In the public eye, eHealth is still mainly associated with applications such as databases, networking of data, hospital administration and data classification. These new upcoming applications play a more active role and promise to optimize patients' treatment rather than their care. Through massive compute power, they promise to distil a new level of insight and provide a tool for patient-specific diagnosis and therapy support.

In a recent briefing at NEC's Computers & Communications Research lab (CCRLE) in St. Augustin, Germany, Dr. Guy Lonsdale, the Centre's manager, and Professor Daniel Ruefenacht of the University Hospital of Geneva, gave an overview on the trends and goals of the European eHealth program and a specific implementation concerning the treatment of ballooning arteries, so called aneurysms, especially in the human brain. Estimations are that 2 to 4 percent of the population harbours at least one aneurysm.

Since 2000, the CCRLE has been involved in the European eHealth program. With SimBio, a toolset has been developed that enabled the use of actual scan data from patients to build a numerical model of required body parts as the basis for further simulation to support the diagnosis. In 2002, a second toolset, GEMSS (Grid enabled medical simulation services) was developed to provide a framework for a doctor's interface, a secure workflow and service allocation capabilities towards a future set of service based eHealth applications.
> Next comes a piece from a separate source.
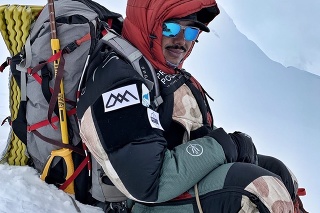 Nepálčan Nirmal Purja je nový svetový rekordér v krátkosti času na zdolanie všetkých štrnástich svetových štítov nad 8000 m. 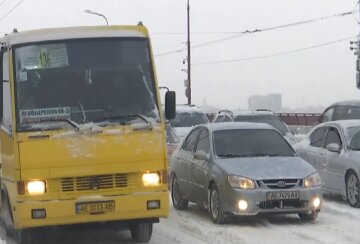 Ограничение движения транспорта в Днепре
This know-how was brought into the new EU project @neurist (http://www.aneurist.org/), which was started this year and is one of the flagship projects in eHealth, bringing together about 30 partners. CCRLE is involved in key parts of the Grid infrastructure and the simulation tool chain.
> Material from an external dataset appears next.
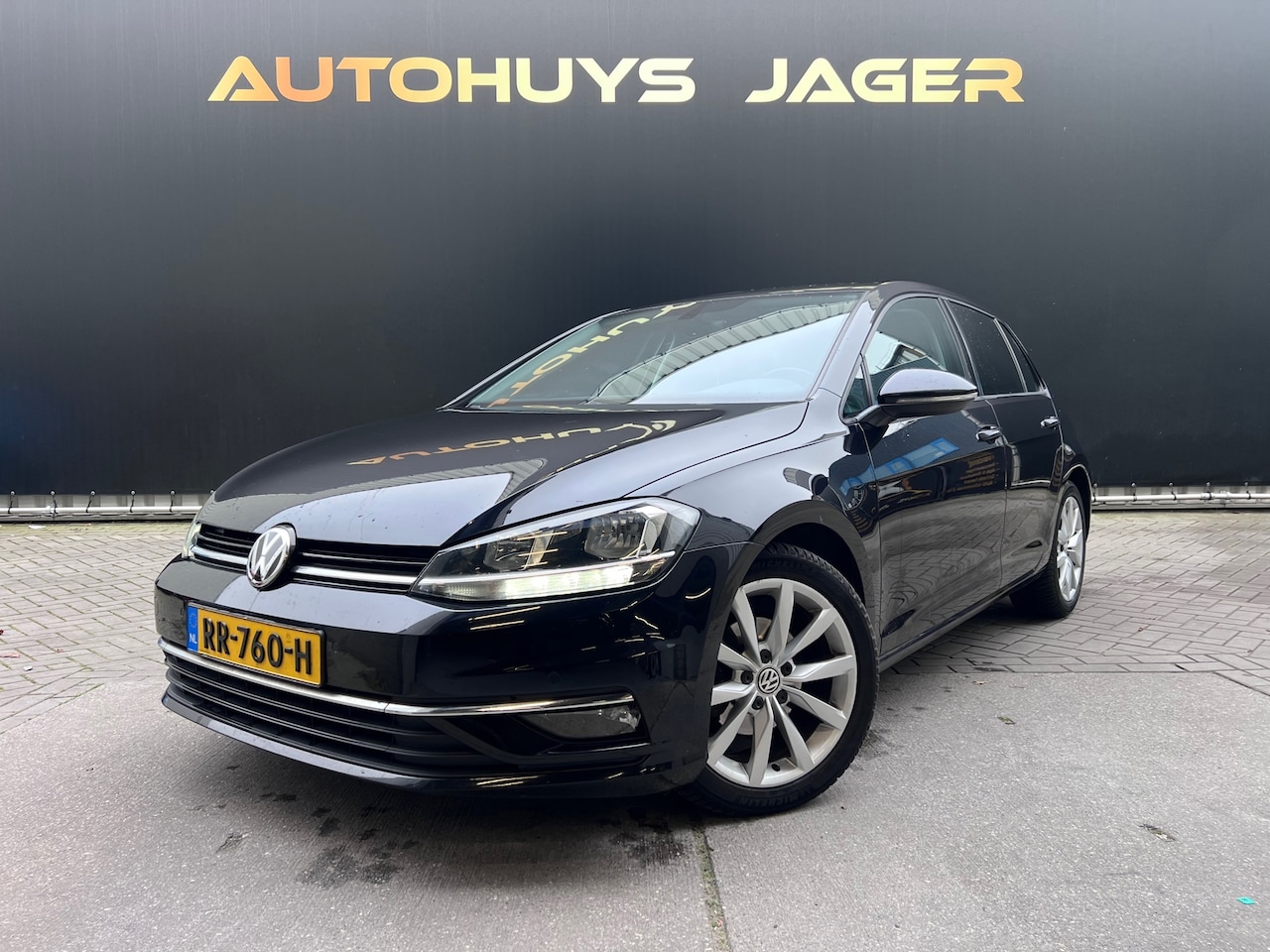 Volkswagen Golf - 1.0 TSI Comfortline Business - Massage Stoelverwarming Cruise Control - AutoWereld.nl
Operating on the brain is very risky. Therefore one would like to have some reliable means to decide on its necessity. Simulation comes to the rescue. Understanding aneurysms involves biomechanics (both haemodynamics — the flow of the blood — and structural mechanics — the deformation of the vessel wall), biology (the properties and behaviour of the substances and materials) and micro mechanics (the interaction between structures in the blood and the vessel's wall). This highly complex environment requires a large amount of compute power both to be able to make reliable predictions on the stability of the aneurysm as well as determine the effects on flow patterns and pressure distributions caused by inserting supports (stents) into the artery. The idea is to have the blood stagnate within the aneurysm so that it has time to clot and fill the void, making a rupture of the artery impossible. In terms of computational fluid dynamics, this is a complex flow fluid-structure interaction with chemical/biological processes on a variety of time-scales.
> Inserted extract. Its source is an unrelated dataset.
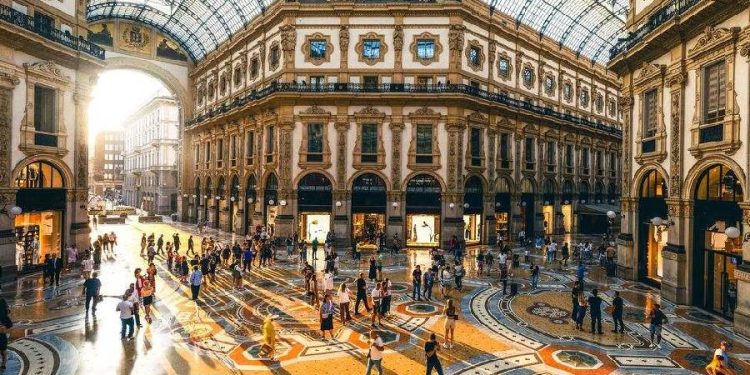 El Lujo se Transforma: De Posesiones a Experiencias y Bienes Raíces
Using the NEC SX-8 of Stuttgart's High Performance Compute Centre, the CCRLE in collaboration with the University of Sheffield succeeded in modelling the flow in such a complicated environment while also allowing for blood clotting effects. The modelling was based on the Lattice-Boltzmann method (see e.g., http://www.science.uva.nl/research/scs/projects/lbm_web/lbm.html). Also, the first results on the effectiveness of different stent designs in redirecting the blood flow were achieved by research coordinated by the University Hospital of Geneva. These results will be taken further in another EU research project NEC is involved in, called COAST, where the effects of such devices for treating coronary artery diseases, including blood clotting and drug transport, will be simulated based on a hierarchical aggregation of coupled cellular automata.

With the availability of high performance computers within a Grid environment, the medical sector is now able to add simulation to visualisation — a step that the general industry had already taken decades ago.